Various Possibilities of Fraud in the Real Estate Business

Fraud and anxiety

WHAT IS FRAUD?

Fraud simply revolves around the idea of being deceptive, fake or a joke. It comes in many forms. It may be through identity theft, misrepresentation, and omission of truth. Moreover, all of these may be strongly pledged as fraud if done intentionally to gain profit or credit.

HOW DOES A REAL ESTATE BUSINESS OPERATE?

Basic knowledge goes as superficial as understanding it only as about buying and selling the property. But it involves the following segments:  

Development – This is when property and its surrounding areas get developed, built and rezoned— depending on what kind of real estate it would be (residential, commercial, industrial and land). 

Sales and marketing – tackle the price, appraisals and further development according to the kind of real estate decided upon 

Brokerage – deals with the brokers and agents and whatever agreement sales and marketing have gotten them involved

Property management – where the mortgage, estate tax and anything alike is handled. 

Lending – housing loans, mortgage loans and any kind of loan involving the purchase of a real estate property 

Professional services (law, accounting, etc.) – from notarizing the property, marking its authenticity with a lawyer’s chop, and handling of the deed of sale, it is all enveloped here. Availing services that require fees like secretarial, legal and accounting services, that pertains to a sale of a particular property falls into this segment.

As you can see, all of these can open a window to fraud. Hence, it’s important to take note of how it happens so that you can prevent it from happening.

  1. Veteran fraudsters and prankers could forge identification to present themselves as owners of properties to put them on sale.

This goes as extensive as changing their names to open bank accounts, solicit deposit money from willing buyers and then disappearing after all of it is done. They somehow find a way to sell properties that are occupied also having an excuse that tenants demand their privacy until the contract is finished so no tripping can be done. Sadly, some buyers cannot perceive this as a modus operandi. They let it go even if hearing it is shady.

  • These fraudsters and prankers disguise as interested buyers or somehow, they rent out properties to collect information from the owner via a title deed. They do it without opting for mortgage hence, they can’t be identified in the end because no information is held by the bank. They forge the title deeds they have in hand by acting out as the owners and claiming their identity in negotiating with the “real” interested parties.
  • Another worst fraud that happens is when mortgage loans are applied for by these pranksters. And, in not just one bank but they’ll do it in multiple cases. As long as they can get away with it, they’ll repeat the same process if identity theft until such time that the owner gets repayment notices by the bank and alerts the bank they made no such deals.

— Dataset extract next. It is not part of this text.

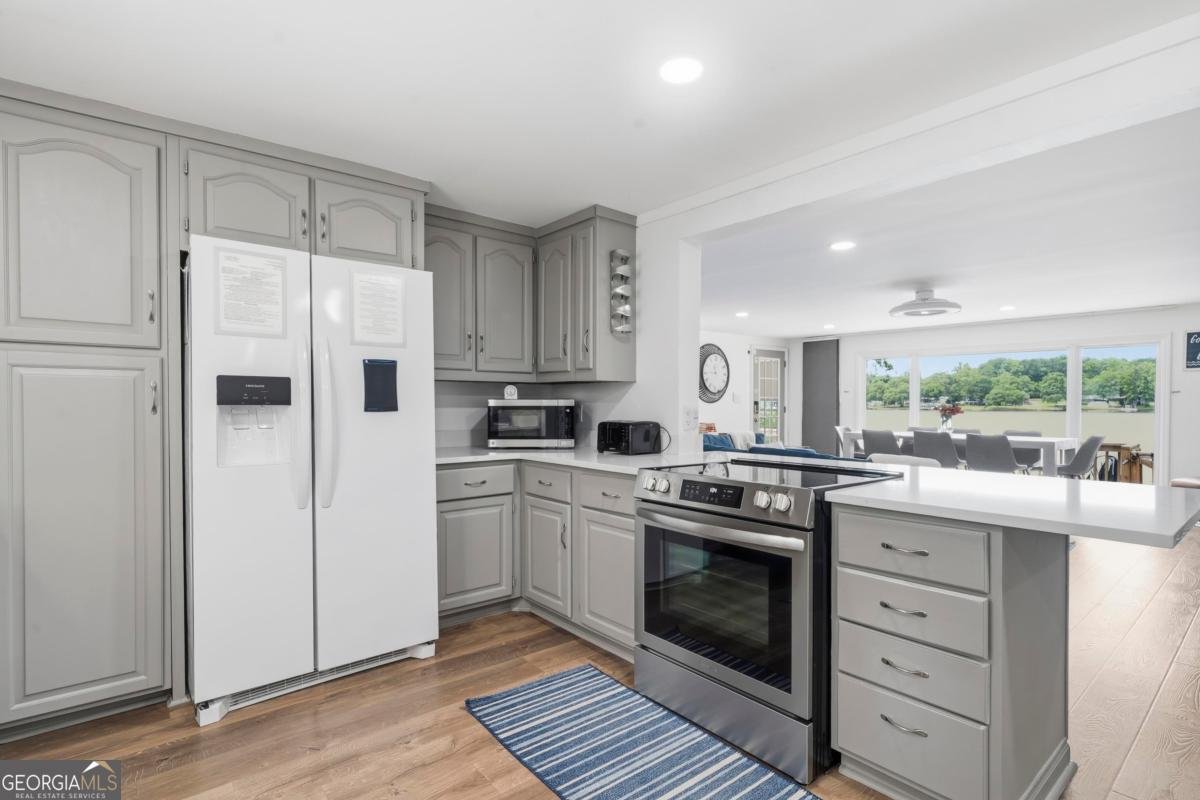 339 Thomas Drive Eatonton - Photo 13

Here are some tips on how to prevent these crimes from being unnoticed:

  • Do guard against questionable and suspicious agents, solicitors’ firms and loan companies.
  • Report loss of property right away like wallets that contain all your identification cards, bank cards, and key cards. If you can change your identity cards with a refreshed image so that it stays updated.
  • Do corresponding checks on people you deal with. It’s good if you have connections in the real estate business because most often than not, they can inform you of every known real estate broker, business owner, and an agent there is within their perimeter.

A simple request of bill payment for any utility the month before could tell if the seller is the real owner. He/She shall have no problem providing this if he/she was the owner since bills are sent straight supposedly in their registered address.  

  • Check the notarization and registration of the title deed. Check the status of property titles diligently if it’s really for sale or not in the first place. Double-check signatures and receipts. Have a third party witness the deal for everything to stay documented. 
  • For the property owners, beware of bogus calls and suspicious emails and snail mails. If the identity of tenants is questionable such as no ID in hand, ask for paychecks to their name, billings also – to check further. Be present during on-site inspections of your property so that nobody would perceive it as ‘not attended to’.
  • For buyers, avoid scammers by continuing to educate yourself about something you want to pursue. In buying second-hand properties, be cautious and don’t just invite anybody you don’t even know to walk into your transactions.
  • Foreclosure properties may be the most convenient that you could buy so gain access to information through the bank manager or anybody available. Stay vigilant when deciding on purchasing properties.

There’s nothing wrong with being extra cautious and asking for more identification until you get satisfied that your property is authentic. Real estate fraud had left both buyers and sellers alike with the huge financial burden you don’t want to experience. So this may need some time to process. But it is worth it.